The third column in the answer you get shows the user that is the owner of this file, i.e. who created it: e.g. ``user22`` and in the fourth column you see through which usergroup the user was acting when s*he created it: e.g. ``user22``. Normally, each user has it's own usergroup per default.

Now, let's create a file through a container.

.. code:: bash

   (user@host)-$ docker run --rm -v $(pwd):/in -w /in ubuntu:22.04 touch file.from.docker.txt


Let's have a look at the metadata of both files.

.. code:: bash

   (user@host)-$ ls -hlrt file.from.*.txt

Spot the difference? The file created through docker looks like it's been created by ``root``, so as if someone with root privileges, e.g. the system admin has come around and made this file.

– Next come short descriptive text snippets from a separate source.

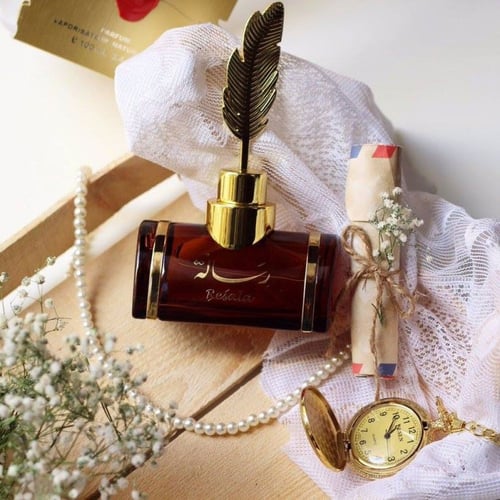 عطر رساله 100 مل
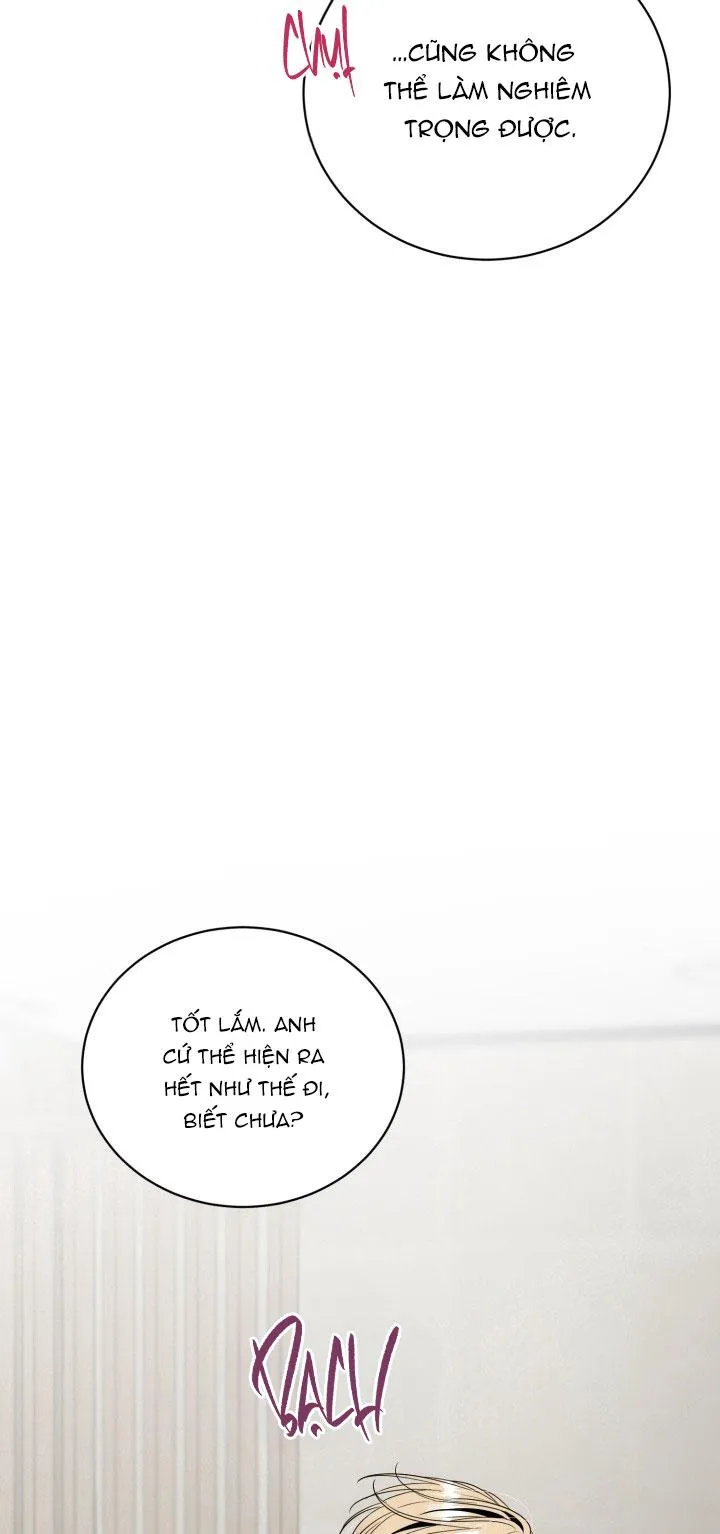 ĐÊM CỦA NGƯỜI ĐÀN ÔNG ẤY Chapter 20 Trang 46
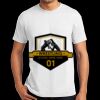 Unisex Ecosmart ® T-Shirt Thumbnail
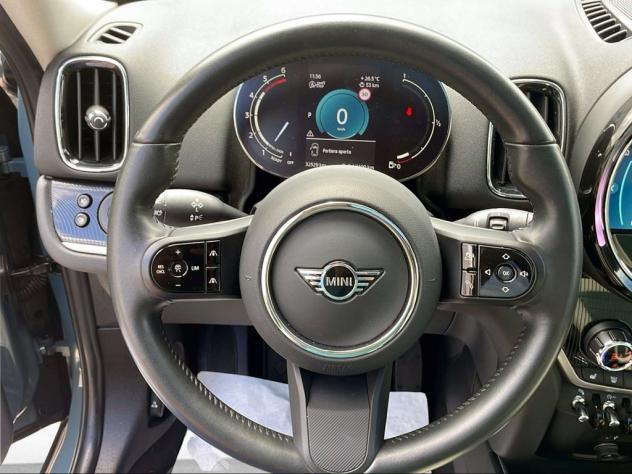 MINI Countryman Mini F60 2020 Mini 2.0 Cooper D Northwood Edition auto - Foto 7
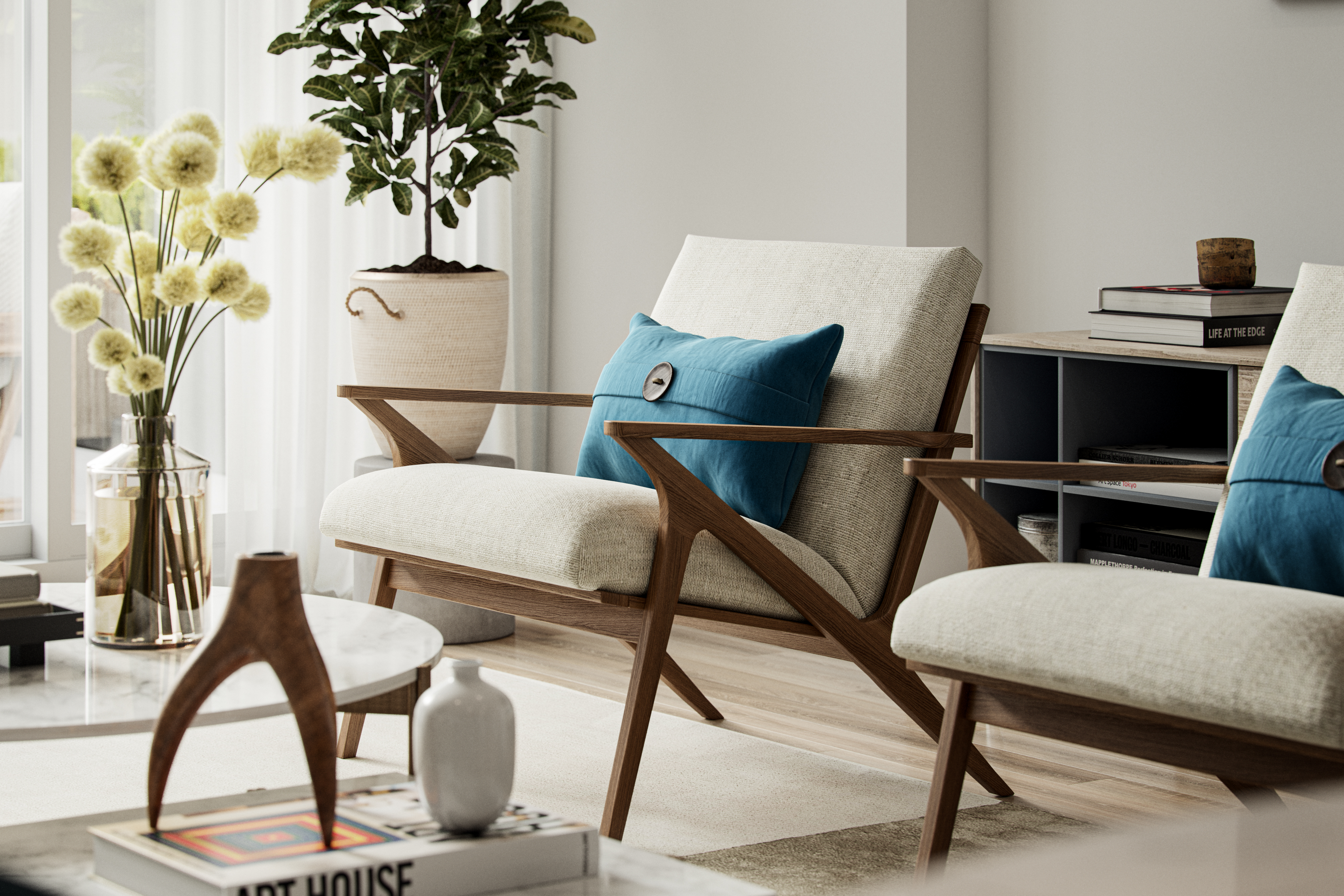 Urban Elegance Vol·1（城市优雅第一辑）丨美国纽约丨Hasten 3D Visualizations-11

One consequence is that your average user (without root privileges) can't remove or modify this file.

.. code:: bash

   (user@host)-$ rm file.from.docker.txt

This can be anoying.. 

Two ways around that. 

First, forward your user information to the container. Note the extra flags in the Docker command. I've just split the command across multiple lines to make it easier readable (Note the ``\`` at the end of each line).

.. code:: bash

   (user@host)-$ docker run --rm -v $(pwd):/in -w /in -u $(id -u):$(id -g) ubuntu:22.04 \
                                                     touch file.from.docker_as_user.txt

Now let's see.

.. code:: bash

   (user@host)-$ ls -hlrt file.from.*.txt

Solved, right? And quite elegantly so..

However, be aware that whether you will be able to use this solution depends heavily on the container and how it was set up and so there is no guarantue. Sometimes you'll need ``sudo`` rights within the container to actually run the program within and with what we did above we gave those up.

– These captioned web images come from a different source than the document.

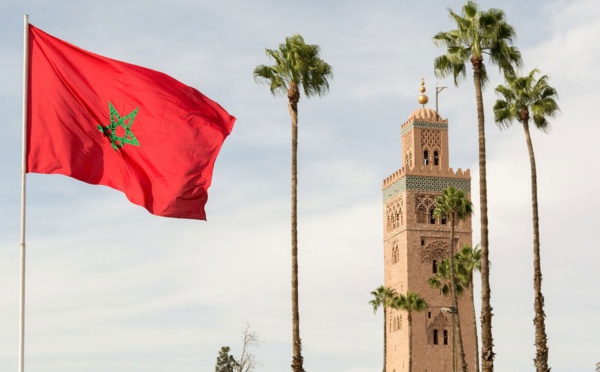 الرباط تنخرط في أضخم مشروع إقتصادي أطلقته بكين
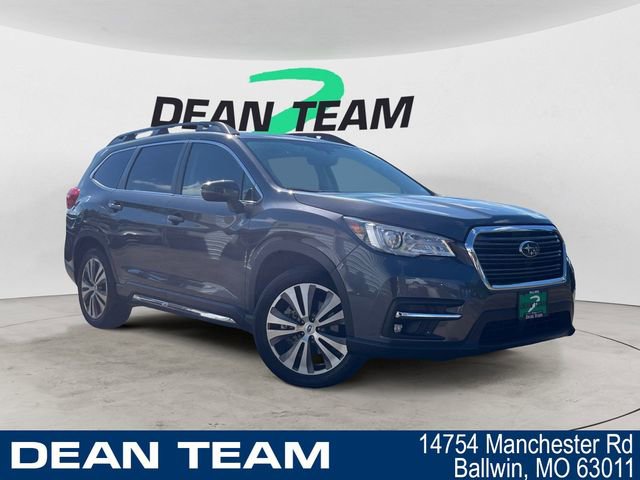Used 2022 Subaru Ascent Limited w/ Technology Package image 1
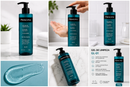Gel de Limpeza Facial Principia GL-01 350g Ácido Salicílico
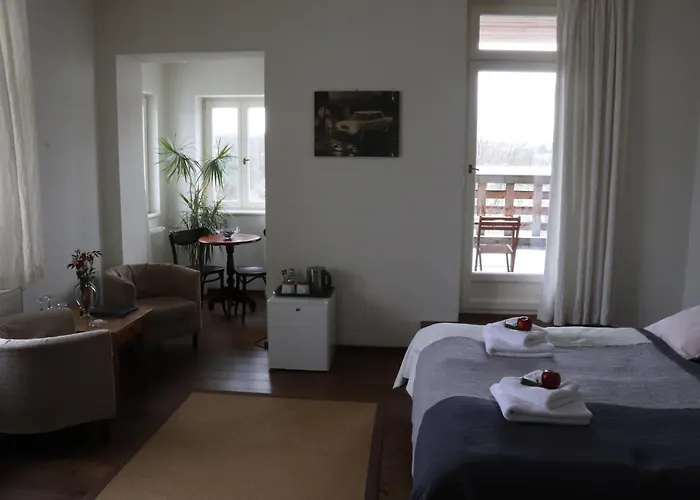Elektra 3* Bechyně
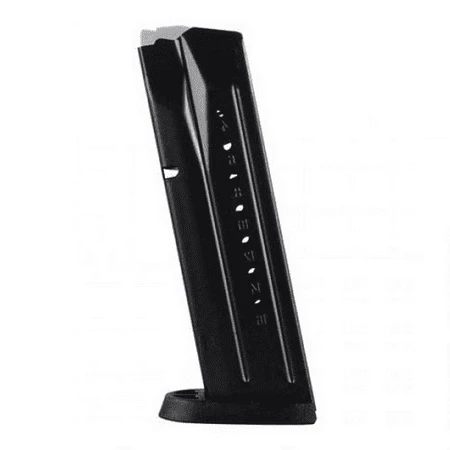 M2.0 Compact Magazine For Smith & Wesson M&p 9mm - 15 Round Capacity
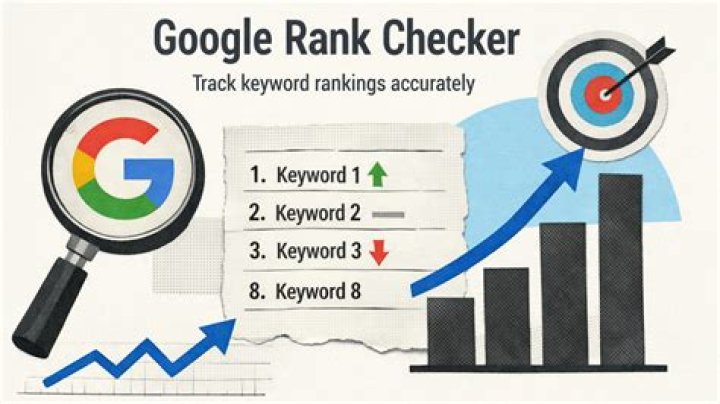 Ultimate Google Rank Checker Online: Monitor Your Site's Performance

Now, if you happen to work with a container with which the above solution does not work, you can always 'cheat' the system by using another container (with root privileges) to actually change the metadata of the files to look like they've been produced by your user. Note that the ``-R`` flag below is not necessary when applied to just a single file. It stands for recursive and when applied to a directory it would change the metadata for all files and all subdirectories within the one it was applied to - for future reference.

.. code:: bash

   (user@host)-$ docker run --rm -v $(pwd):/in -w /in ubuntu:22.04 chown -R $(id -u):$(id -g) file.from.docker.txt

Check it out.

.. code:: bash

   (user@host)-$ ls -hlrt file.from.*.txt


.. warning::

   I want to draw your attention to the fact that of course through tricks like the above we could actually modify parts of the system that as a regular user we don't have the right to - and probably for good reasons. 

   This is why system admins don't 'like' Docker and we resort to Singularity on such systems because it is more restrictive with respect to user privileges.